The Typeface



A new school of globalisation studies based on micro-views, rather than macro ones, is yielding beguiling pictures of prosaic subjects. Pietra Rivoli explored wonderfully the global life of a simple product in “The Travels of a T-Shirt in the Global Economy“. Marc Levinson took on the story of the container in “The Box: How the Shipping Container Made the World Smaller and the World Economy Bigger“. Tom Standage of The Economist produced “A History of the World in Six Glasses“, with drinks at its centre.

Gary Hustwit, a producer of documentaries and a former executive at Salon, has made his first foray into directing by a similar route–picking a narrow subject area and using it to illustrate broader truths. The narrow focus of his efforts is the typeface, Helvetica, from which his film takes its name. The broader subject of “Helvetica” is the globalisation of visual culture. Today Helvetica the typeface is everywhere: metro signs, airline logos, street ads, T-shirts, office software. “Helvetica” the film is doing pretty well too. Having premiered at the South by Southwest festival in Austin, it is on course to become one of the year’s top-grossing independent documentaries.

“Helvetica” is built around conversations between Hustwit and prominent figures in the world of type design: Erik Spiekermann, Matthew Carter, Massimo Vignelli, Wim Crouwel, Hermann Zapf, Neville Brody, Stefan Sagmeister, Michael Bierut, David Carson, Paula Scher, Jonathan Hoefler, and many others.

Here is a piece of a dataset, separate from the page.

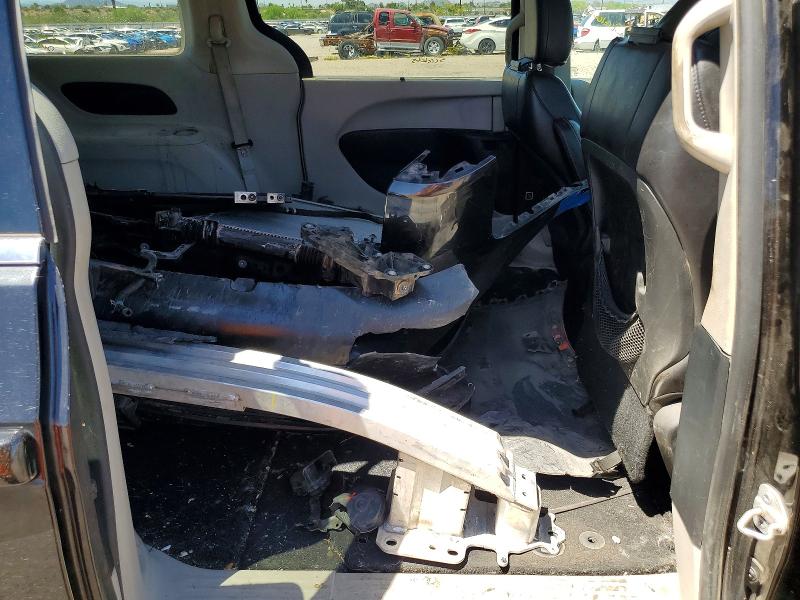 Снимка 11 от търг – 2020 CHRYSLER VOYAGER с VIN 2C4RC1DG7LR264404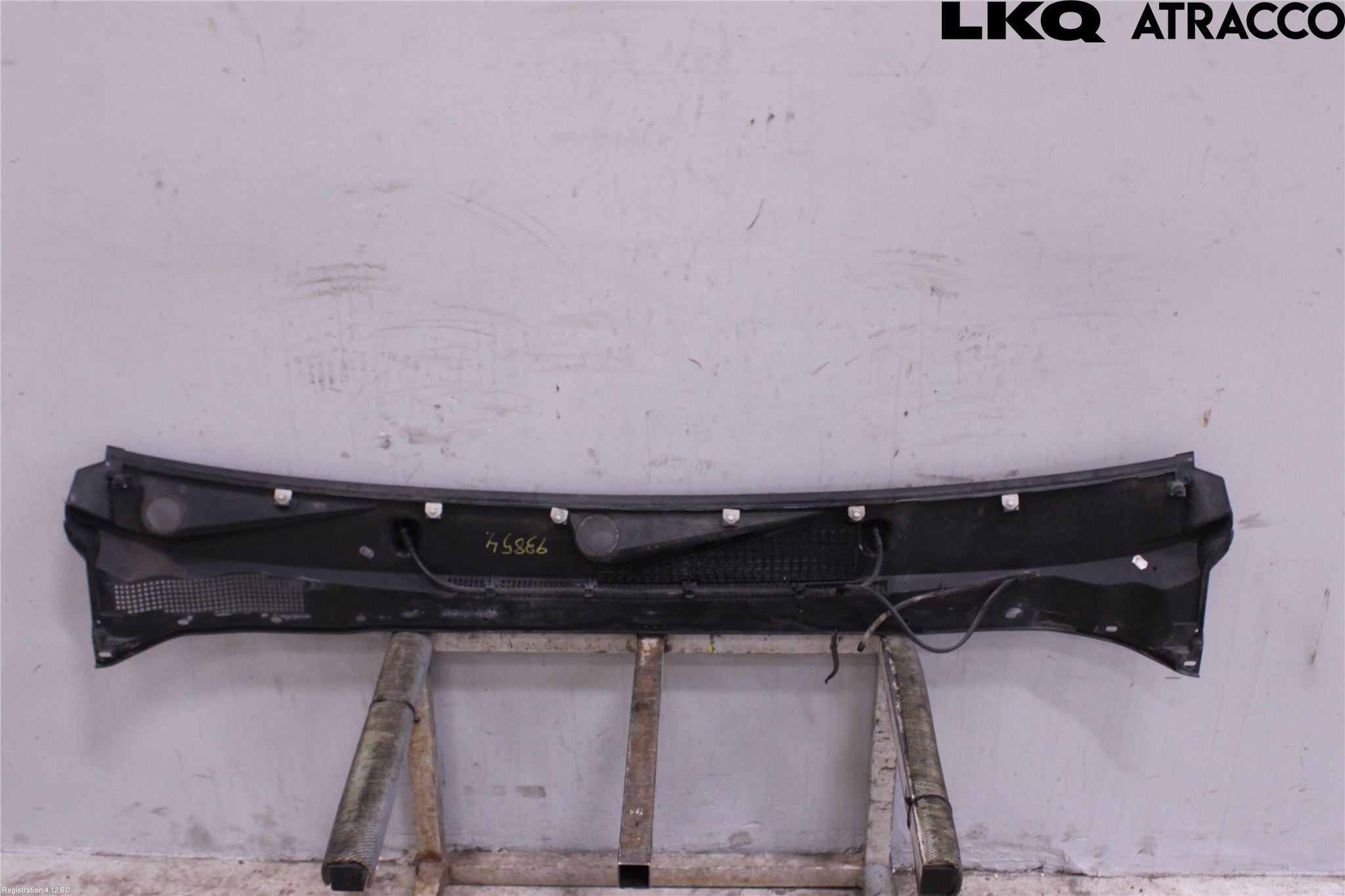 Nissan NAVARA 05-16 Visker Deksel-Grill-Under Frr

These conversations take Hustwit beyond the world of visual culture into many tangential areas. “Helvetica” ties together psychology and advertising, marketing and anthropology, cultural and urban studies.

Hustwit’s film marks the year of Helvetica’s 50th anniversary (MOMA has aHelvetica-dedicated exhibition for the occasion). Who could have thought that when Max Miedenger, a relatively unknown Swiss designer, created Helvetica in 1957 using Akzidenz Grotesk as a model, this would become the typeface of record for corporations and governments?

In the next few years Helvetica (known first as Neue Haas Grotesk) was used primarily by a coterie of Swiss designers and their clients. By the 1960s it had acquired its new name (a play on the Latin name for Switzerland, Helvetia) and attracted admirers by virtue of its clean, no-nonsense look.

Hustwit finds that Helvetica has its haters as well as its fans. Its use by governments and corporations has turned it into a target for conspiracy theorists holding it to account for all the pro-establishment messages it has carried. Paula Scher, a New York graphic designer and artist interviewed for the film, recalls how, back in the 1960s, Helvetica became a symbol of the Vietnam War, because official communication relied so heavily on the type.

One of the more plusible adjectives for describing Helvetica to a stranger would be “neutral”. If type is really the perfume of the city–a conceit of the film–then Helvetica has a scent that doesn’t smell. In this respect, “Helvetica” touches upon Foucaultian themes of control and power–threads that may acquire a new life in the subtle context of type design, particularly in the urban environment. Helvetica’s ubiquity on official documents and signs has come to embody a certain sense of stability and confidence in tomorrow. Planes won’t crash, houses won’t be robbed, nothing bad will happen: these are the indirect messages sent out by Helvetica type in the streets or in the office.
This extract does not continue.